What to produce:
There are pictures in the records below; leave them out and set down exactly the lines from the one holding "Easy Trek Treeless" through the one holding "外贸网站源码是什么？它和域名、服务器有什么关系？".

Record set:
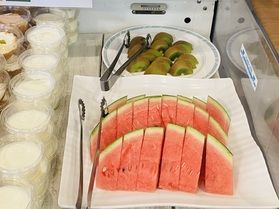 夕食デザートにスイカが登場!
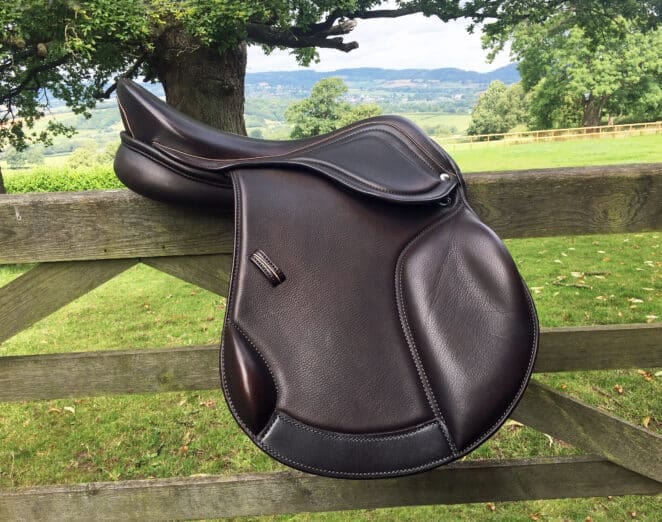 Easy Trek Treeless Classic GP Saddle - Black or Brown Soft Leather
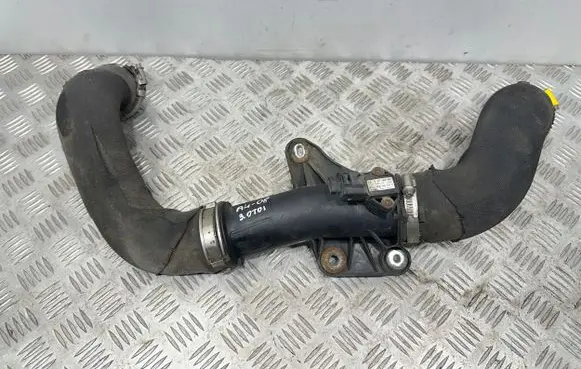 Audi A4 S4 B8 8K Intercooler hose/pipe 8K0145673R 0281002401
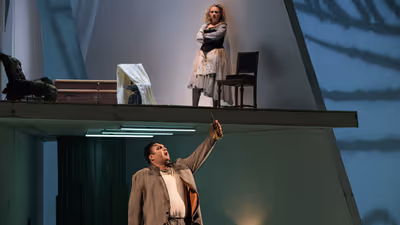 Review: Národní divadlo uvádí SWEENEYHO TODDA v operní formě
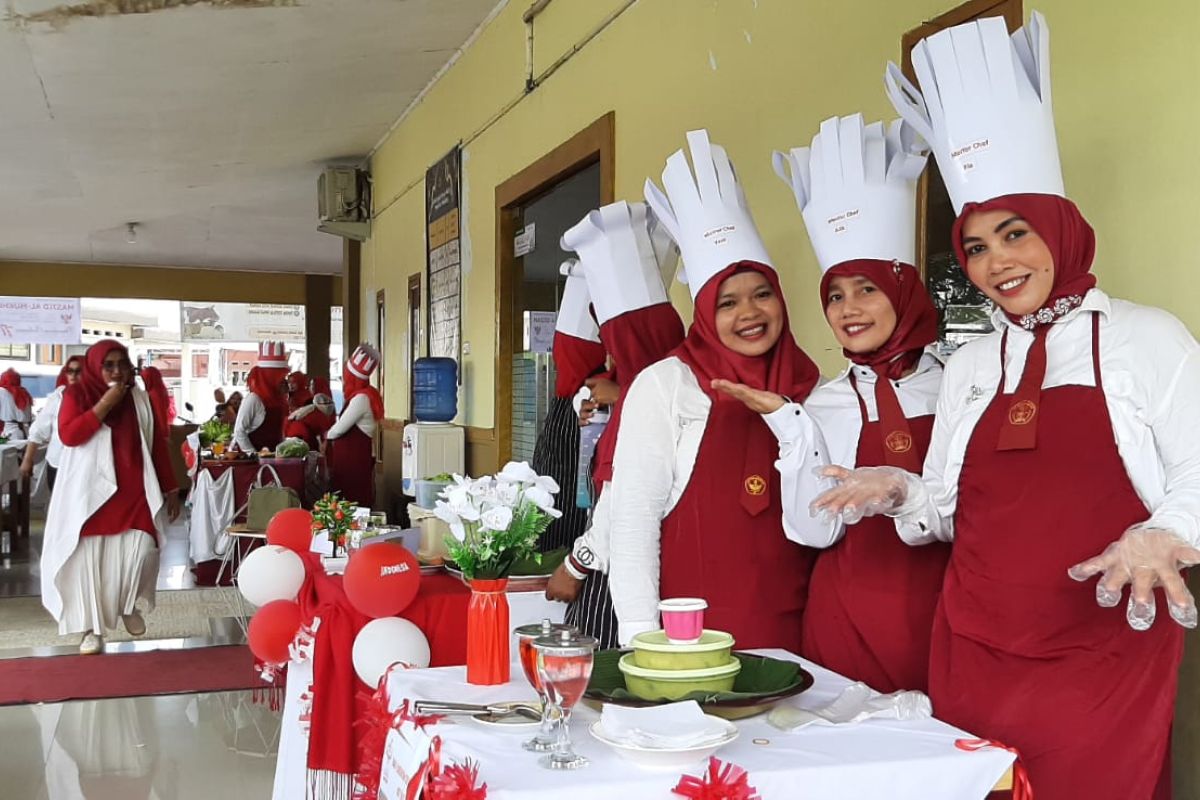 Peringatan HUT RI di Puri Indah Kualu berjalan meriah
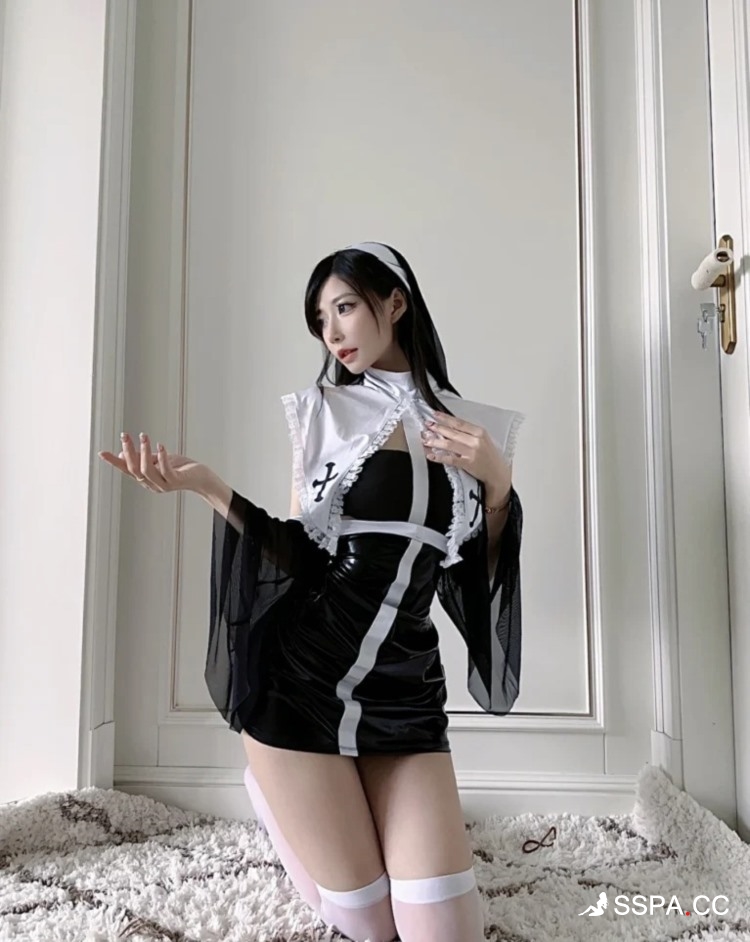 外贸网站源码是什么？它和域名、服务器有什么关系？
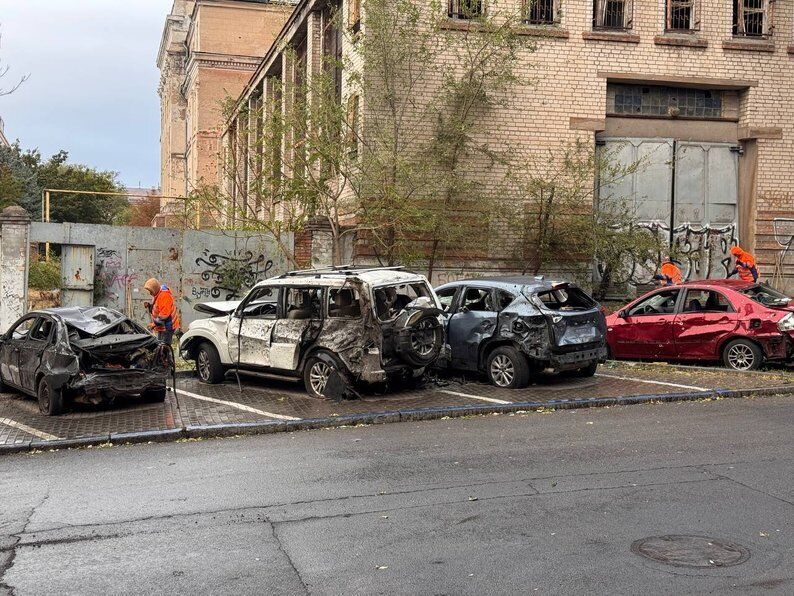 Изуродованные здания и обгоревшие авто: как выглядит центр города Днепра после российской атаки. Фото и видео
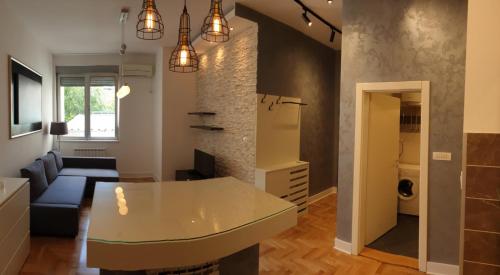 Apartment Theatre - image 6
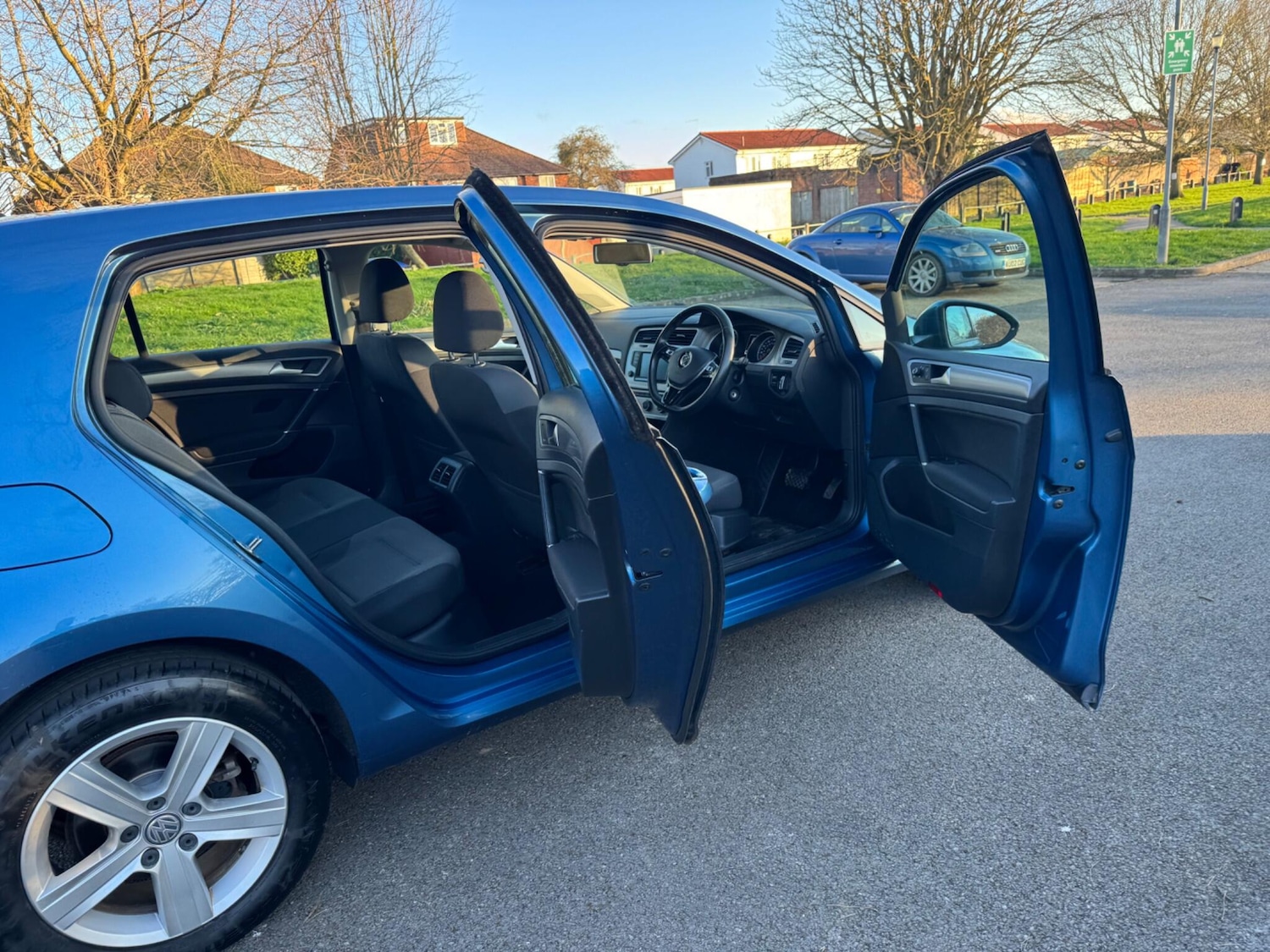 Used Volkswagen Golf for sale - 78102425: Photo 17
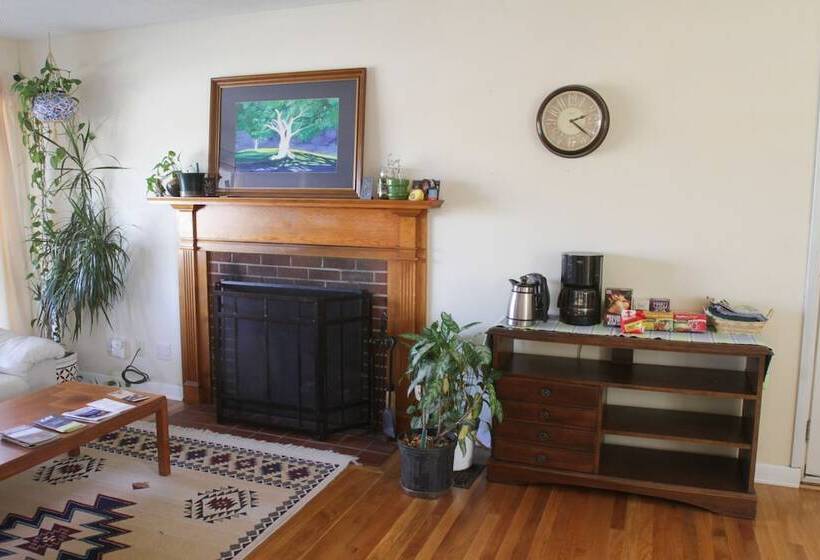 ユースホステル Fairhaven Guesthouse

Answer to this task:
 Easy Trek Treeless Classic GP Saddle - Black or Brown Soft Leather
 Audi A4 S4 B8 8K Intercooler hose/pipe 8K0145673R 0281002401
 Review: Národní divadlo uvádí SWEENEYHO TODDA v operní formě
 Peringatan HUT RI di Puri Indah Kualu berjalan meriah
 外贸网站源码是什么？它和域名、服务器有什么关系？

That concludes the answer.